Time is normalized: (total lines * time) / processed lines

Databases

Low memory database modes

Special mention to 'disk' mode, while slower, is the fastest uncached load & detect for up to a 100 detections.
Modes 'bytes' and 'string' are very similar, they differ on how they are load, and are just 2x slower than Array
Modes 'string', 'bytes' & 'disk' only ship with DB sizes 'small' & 'extralarge'

Mode	Disk	Bytes	String	String
Database Size option	Extralarge	Extralarge	Extralarge	Small
Pros	Lowest memory	Equilibrated	Cacheable	Cacheable
Cons	Slowest	Un-cacheable	Memory peak	Less accurate
File size	50 MB	50 MB	50 MB	3 MB
Memory usage	0.4 MB	52 MB	52 MB	5 MB
Memory usage Cached	0.4 MB	52 MB	0.4 MB + OP	0.4 MB + OP
Memory peak	0.6 MB	52 MB	80 MB	8 MB
Memory peak Cached	0.5 MB	52 MB	0.4 MB + OP	0.4 MB + OP
OPcache used memory	-	-	50 MB	0 MB
OPcache used interned	-	-	0.4 MB	3 MB
Load & detect() Uncached	0.0012 sec	0.04 sec	0.25 sec	0.016 sec
Load & detect() Cached	0.0011 sec	0.04 sec	0.0003 sec	0.0003 sec
Settings
`memory_limit` Minimum	>= 4	>= 128	>= 128	>= 16
`opcache.memory`	-	-	>= 128	>= 16

Fastest mode Array, but memory hungry

Array Mode, Size:	Small	Medium	Large	Extralarge
Pros	Lowest memory	Equilibrated	Fastest	Most accurate
Cons	Least accurate	Slowest (but fast)	High memory	Highest memory
File size	3 MB	10 MB	32 MB	71 MB
Memory usage	45 MB	135 MB	554 MB	1189 MB
Memory usage Cached	0.4 MB + OP	0.4 MB + OP	0.4 MB + OP	0.4 MB + OP
Memory peak	77 MB	282 MB	977 MB	2083 MB
Memory peak Cached	0.4 MB + OP	0.4 MB + OP	0.4 MB + OP	0.4 MB + OP
OPcache used memory	21 MB	69 MB	244 MB	539 MB
OPcache used interned	4 MB	10 MB	45 MB	98 MB
Load & detect() Uncached	0.14 sec	0.5 sec	1.5 sec	3.4 sec
Load & detect() Cached	0.0003 sec	0.0003 sec	0.0003 sec	0.0003 sec
Settings (Recommended)
`memory_limit`	>= 128	>= 340	>= 1060	>= 2200
`opcache.interned...`*	>= 8 (16)	>= 16 (32)	>= 60 (70)	>= 116 (128)
`opcache.memory`	>= 64 (128)	>= 128 (230)	>= 360 (450)	>= 750 (820)
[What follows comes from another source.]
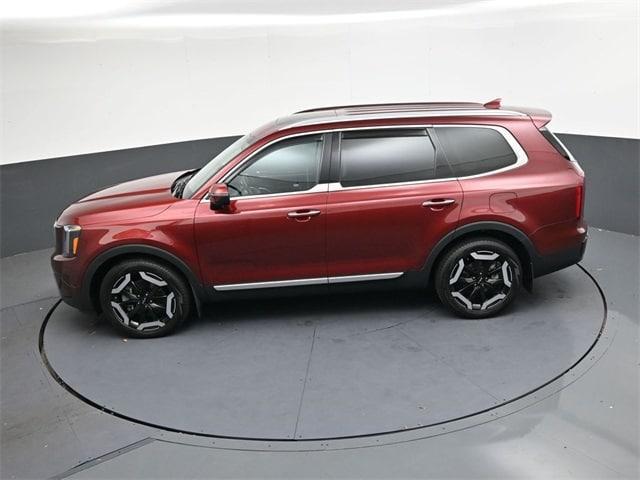 Photo of 2023 Red Kia Telluride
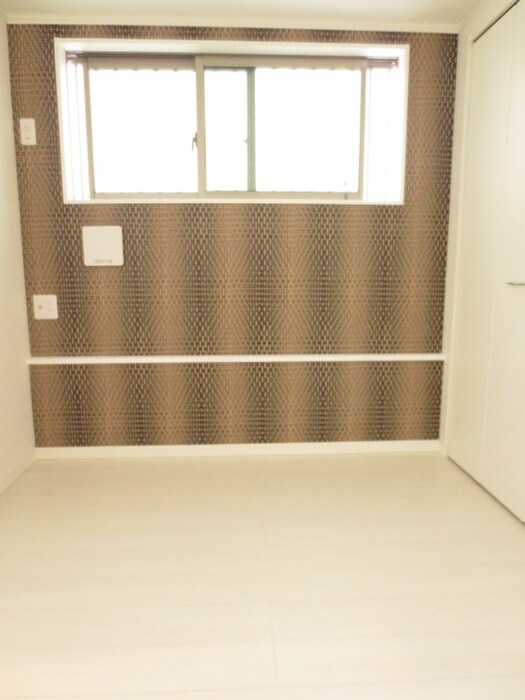 物件内観写真10　(居室)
* I recommend using more than enough interned_strings_buffer as buffers overflow error might delay server response.
To use all databases opcache.interned_strings_buffer should be a minimum of 160MB (170MB).
When choosing the amount of memory keep in mind opcache.memory_consumption includes opcache.interned_strings_buffer.
- If OPcache memory is 230MB, interned_strings is 32MB, and medium DB is 69MB cached, we have a total of (230 -32 -69) = 129MB of OPcache for everything else.
Also, if you are going to use a subset of languages in addition to the main database, or multiple subsets, increase opcache.memory accordingly if you want them to be loaded instantly. To cache all default databases comfortably you would want to set it at 1200MB.

Testing

Default composer install might not include these files. Use --prefer-source to include them.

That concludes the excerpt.